Seu corpo negro, carregador de lata d’água na cabeça e submetido ao trabalho doméstico, buscaram adestrar, seja como lavadeira, seja como artista, mas ela nunca permitiu. Ao contrário, sempre se mostrou vigorosa, transcendente, força e poder de mulher, negra e operária. Superou o estigma de “mulata assanhada”, pela força de mulher negra, pela denúncia e a busca constante por transformar o Brasil por meio da música – “A agressividade da minha voz é política, é de incômodo, de protesto”.
Sua coragem está expressa em cada uma de suas músicas. Elza foi mais que intérprete musical, foi intérprete e construtora do Brasil. Inteligência musical marcada pela raça, pelo gênero e pela geração que lutou contra a ditadura. Passou de vilã a referência – “Dizem que sou revoltada. Sou uma operária da música, e que operário que não se revolta?”.

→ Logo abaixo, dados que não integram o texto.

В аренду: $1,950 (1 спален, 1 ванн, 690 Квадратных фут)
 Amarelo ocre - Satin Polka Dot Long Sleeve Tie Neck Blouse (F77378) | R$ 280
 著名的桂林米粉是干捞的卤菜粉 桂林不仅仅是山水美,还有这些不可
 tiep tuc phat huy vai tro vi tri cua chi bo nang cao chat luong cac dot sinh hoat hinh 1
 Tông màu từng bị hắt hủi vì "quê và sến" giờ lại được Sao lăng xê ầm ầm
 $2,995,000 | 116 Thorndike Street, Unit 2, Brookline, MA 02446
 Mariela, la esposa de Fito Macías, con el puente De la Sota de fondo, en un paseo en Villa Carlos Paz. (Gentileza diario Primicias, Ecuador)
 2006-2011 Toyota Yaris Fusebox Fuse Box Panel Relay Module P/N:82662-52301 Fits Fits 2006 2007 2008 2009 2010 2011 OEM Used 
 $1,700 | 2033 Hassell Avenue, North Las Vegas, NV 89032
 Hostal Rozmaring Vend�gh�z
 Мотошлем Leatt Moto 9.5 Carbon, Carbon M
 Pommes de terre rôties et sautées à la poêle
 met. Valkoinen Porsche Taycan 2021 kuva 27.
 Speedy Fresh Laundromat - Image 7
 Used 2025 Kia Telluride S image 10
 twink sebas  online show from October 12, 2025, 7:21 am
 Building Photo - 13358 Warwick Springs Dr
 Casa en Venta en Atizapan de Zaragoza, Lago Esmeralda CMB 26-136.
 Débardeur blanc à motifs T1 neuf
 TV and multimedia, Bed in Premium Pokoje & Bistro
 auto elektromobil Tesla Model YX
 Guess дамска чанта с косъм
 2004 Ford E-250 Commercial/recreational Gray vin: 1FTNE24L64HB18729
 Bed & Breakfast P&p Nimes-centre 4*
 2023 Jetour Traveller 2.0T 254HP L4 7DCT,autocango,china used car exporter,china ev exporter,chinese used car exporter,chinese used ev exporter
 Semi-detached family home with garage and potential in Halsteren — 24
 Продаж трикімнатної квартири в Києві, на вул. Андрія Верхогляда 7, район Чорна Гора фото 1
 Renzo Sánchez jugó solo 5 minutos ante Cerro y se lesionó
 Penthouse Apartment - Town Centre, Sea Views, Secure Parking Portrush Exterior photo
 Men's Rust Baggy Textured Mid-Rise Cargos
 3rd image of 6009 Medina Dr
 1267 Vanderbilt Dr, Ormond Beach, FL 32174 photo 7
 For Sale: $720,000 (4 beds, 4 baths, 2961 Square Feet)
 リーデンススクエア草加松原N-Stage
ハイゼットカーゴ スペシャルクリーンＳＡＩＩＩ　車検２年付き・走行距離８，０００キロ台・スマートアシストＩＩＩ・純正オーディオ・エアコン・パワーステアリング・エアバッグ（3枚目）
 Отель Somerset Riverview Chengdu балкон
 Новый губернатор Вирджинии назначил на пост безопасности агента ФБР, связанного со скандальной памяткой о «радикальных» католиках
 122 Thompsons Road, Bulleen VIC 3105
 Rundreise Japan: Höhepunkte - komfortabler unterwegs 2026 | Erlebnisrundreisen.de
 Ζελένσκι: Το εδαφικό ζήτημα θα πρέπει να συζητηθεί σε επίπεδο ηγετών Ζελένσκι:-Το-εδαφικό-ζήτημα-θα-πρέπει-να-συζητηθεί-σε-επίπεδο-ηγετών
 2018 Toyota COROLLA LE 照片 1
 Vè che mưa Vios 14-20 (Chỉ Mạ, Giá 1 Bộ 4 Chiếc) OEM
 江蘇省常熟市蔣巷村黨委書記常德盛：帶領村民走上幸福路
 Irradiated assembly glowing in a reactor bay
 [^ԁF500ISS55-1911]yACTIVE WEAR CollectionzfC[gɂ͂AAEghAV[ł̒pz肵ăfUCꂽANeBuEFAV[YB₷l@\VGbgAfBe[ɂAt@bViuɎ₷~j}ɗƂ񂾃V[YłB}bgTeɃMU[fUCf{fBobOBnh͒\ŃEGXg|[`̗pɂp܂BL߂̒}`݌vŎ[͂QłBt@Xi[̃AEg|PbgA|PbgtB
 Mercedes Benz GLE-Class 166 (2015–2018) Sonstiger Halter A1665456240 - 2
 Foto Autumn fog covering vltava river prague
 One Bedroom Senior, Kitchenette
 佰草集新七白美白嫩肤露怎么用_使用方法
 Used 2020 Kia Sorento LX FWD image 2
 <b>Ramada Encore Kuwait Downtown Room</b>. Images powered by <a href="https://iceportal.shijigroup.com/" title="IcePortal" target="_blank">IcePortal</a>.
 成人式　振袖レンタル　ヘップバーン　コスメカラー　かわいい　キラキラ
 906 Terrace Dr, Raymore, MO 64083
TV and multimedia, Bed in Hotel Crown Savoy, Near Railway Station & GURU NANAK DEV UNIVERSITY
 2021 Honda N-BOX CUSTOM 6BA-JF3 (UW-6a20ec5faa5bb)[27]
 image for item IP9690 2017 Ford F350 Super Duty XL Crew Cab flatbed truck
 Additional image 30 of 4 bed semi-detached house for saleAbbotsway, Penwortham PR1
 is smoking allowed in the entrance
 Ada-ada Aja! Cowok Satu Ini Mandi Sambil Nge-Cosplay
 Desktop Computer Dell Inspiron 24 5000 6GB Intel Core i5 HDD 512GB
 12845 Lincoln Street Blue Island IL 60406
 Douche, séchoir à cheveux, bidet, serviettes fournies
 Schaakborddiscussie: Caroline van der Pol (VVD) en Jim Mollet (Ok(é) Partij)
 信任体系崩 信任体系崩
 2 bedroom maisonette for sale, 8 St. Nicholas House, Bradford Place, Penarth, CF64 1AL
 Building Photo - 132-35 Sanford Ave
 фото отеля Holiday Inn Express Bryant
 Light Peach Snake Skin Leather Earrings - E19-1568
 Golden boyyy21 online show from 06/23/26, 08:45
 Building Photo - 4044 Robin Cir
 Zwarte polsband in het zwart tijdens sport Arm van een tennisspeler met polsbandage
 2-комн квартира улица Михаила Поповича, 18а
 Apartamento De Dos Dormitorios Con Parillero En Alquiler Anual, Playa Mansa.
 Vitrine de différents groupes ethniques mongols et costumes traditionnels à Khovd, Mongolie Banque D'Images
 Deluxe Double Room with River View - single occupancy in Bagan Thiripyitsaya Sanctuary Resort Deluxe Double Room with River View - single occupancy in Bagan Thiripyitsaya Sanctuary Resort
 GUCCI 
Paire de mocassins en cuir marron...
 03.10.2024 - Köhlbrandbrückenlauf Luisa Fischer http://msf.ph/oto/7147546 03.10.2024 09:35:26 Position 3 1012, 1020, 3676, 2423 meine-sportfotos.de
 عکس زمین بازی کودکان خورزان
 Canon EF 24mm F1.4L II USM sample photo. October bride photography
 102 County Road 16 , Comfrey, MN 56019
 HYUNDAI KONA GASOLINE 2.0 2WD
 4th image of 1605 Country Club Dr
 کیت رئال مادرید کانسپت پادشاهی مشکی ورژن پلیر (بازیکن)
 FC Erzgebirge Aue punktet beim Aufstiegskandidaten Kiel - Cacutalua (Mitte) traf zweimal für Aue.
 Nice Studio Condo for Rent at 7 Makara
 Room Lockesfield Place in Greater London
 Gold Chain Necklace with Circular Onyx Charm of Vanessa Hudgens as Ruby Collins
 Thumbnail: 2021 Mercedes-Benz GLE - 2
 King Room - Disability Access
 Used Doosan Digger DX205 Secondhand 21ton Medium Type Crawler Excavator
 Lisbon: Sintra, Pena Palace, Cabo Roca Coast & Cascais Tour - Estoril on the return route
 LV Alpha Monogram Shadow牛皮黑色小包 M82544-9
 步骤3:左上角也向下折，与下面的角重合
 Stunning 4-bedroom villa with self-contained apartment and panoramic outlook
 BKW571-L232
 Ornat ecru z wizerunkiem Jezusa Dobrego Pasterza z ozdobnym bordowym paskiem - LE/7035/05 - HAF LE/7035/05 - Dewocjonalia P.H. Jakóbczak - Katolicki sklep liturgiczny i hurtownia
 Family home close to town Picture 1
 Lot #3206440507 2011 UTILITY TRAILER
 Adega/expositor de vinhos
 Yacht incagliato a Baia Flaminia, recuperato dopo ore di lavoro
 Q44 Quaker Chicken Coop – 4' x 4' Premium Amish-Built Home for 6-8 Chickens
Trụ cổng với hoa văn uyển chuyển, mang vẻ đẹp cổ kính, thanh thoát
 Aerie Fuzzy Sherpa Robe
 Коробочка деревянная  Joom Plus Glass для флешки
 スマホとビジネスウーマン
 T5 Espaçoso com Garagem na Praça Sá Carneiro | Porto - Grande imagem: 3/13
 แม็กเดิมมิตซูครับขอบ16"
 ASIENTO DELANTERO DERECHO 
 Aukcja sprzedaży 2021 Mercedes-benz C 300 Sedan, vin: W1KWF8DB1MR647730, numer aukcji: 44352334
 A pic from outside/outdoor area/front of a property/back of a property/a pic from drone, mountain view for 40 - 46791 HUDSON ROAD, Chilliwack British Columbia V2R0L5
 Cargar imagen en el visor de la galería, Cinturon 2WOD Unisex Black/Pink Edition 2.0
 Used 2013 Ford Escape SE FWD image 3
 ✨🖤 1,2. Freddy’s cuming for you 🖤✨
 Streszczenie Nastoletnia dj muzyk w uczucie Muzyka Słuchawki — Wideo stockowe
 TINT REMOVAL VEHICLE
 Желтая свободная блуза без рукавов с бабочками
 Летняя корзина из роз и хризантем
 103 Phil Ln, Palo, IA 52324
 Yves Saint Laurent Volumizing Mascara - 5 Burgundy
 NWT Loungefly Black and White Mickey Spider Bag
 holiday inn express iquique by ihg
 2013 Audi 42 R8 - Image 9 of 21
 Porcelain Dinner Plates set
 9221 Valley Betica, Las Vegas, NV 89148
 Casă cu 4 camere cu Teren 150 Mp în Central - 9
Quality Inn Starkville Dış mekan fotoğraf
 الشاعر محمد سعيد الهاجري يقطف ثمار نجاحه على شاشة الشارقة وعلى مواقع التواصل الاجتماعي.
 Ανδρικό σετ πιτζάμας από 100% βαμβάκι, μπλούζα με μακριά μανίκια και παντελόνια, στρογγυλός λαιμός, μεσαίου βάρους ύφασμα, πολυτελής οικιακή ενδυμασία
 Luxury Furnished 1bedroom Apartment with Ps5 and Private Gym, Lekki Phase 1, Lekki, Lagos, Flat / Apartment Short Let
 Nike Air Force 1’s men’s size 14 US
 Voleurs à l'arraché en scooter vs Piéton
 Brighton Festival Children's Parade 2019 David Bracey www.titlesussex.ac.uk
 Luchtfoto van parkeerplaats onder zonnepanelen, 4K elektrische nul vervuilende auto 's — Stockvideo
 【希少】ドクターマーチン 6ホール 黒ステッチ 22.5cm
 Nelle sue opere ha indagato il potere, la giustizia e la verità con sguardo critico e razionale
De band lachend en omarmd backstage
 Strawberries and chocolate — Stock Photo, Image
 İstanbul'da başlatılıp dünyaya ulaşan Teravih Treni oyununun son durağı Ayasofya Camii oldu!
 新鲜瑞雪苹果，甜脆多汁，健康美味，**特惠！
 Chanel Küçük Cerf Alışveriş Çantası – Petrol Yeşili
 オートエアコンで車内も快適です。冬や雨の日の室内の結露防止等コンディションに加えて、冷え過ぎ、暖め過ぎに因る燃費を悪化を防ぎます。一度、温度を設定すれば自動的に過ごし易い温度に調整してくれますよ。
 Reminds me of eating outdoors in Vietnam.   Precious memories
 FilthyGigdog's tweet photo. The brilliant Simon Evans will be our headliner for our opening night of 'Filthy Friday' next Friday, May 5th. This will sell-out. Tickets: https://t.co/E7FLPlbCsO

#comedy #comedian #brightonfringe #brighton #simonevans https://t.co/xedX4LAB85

Incomodou a sociedade brasileira, desde a sua primeira aparição. Poderia ter se curvado, mas não se curvou. Rompeu com padrões. Foi para cima quando lhe queriam dócil. No auge dos ataques pelo seu relacionamento com Garrincha, lançou Eu sou a outra, que enfureceu a imprensa e a burguesia brasileira – “Quem me condena / Como se condena uma mulher perdida / Só me vê na vida dele / Mas não vê na minha vida”). Elza nunca deixou que a colocassem no lugar de mulher de ninguém.
Afinada com o movimento negro, foi a mulher do fim do mundo. Declarou que “Deus é mulher“. Sempre trazendo a tradição e a inovação, associando sua vida com a arte, sua história com a história de todo um povo que sofre e luta, que samba e canta. Passou por todas as mazelas que uma mulher negra passa no Brasil, transformando perdas (entre elas, a de quatro dos seus oito filhos), em projeto de país. Seu frescor é inspiração para as lutas de hoje – “Meu nome é agora, meu momento é agora”.
“Não é de hoje que venho gritando Brasil. Já comecei brigando pelo Brasil, sempre foi a minha luta. Briguei pelas mulheres, e por esse país amado. Não tem lugar mais lindo, mais maravilhoso que esse país”.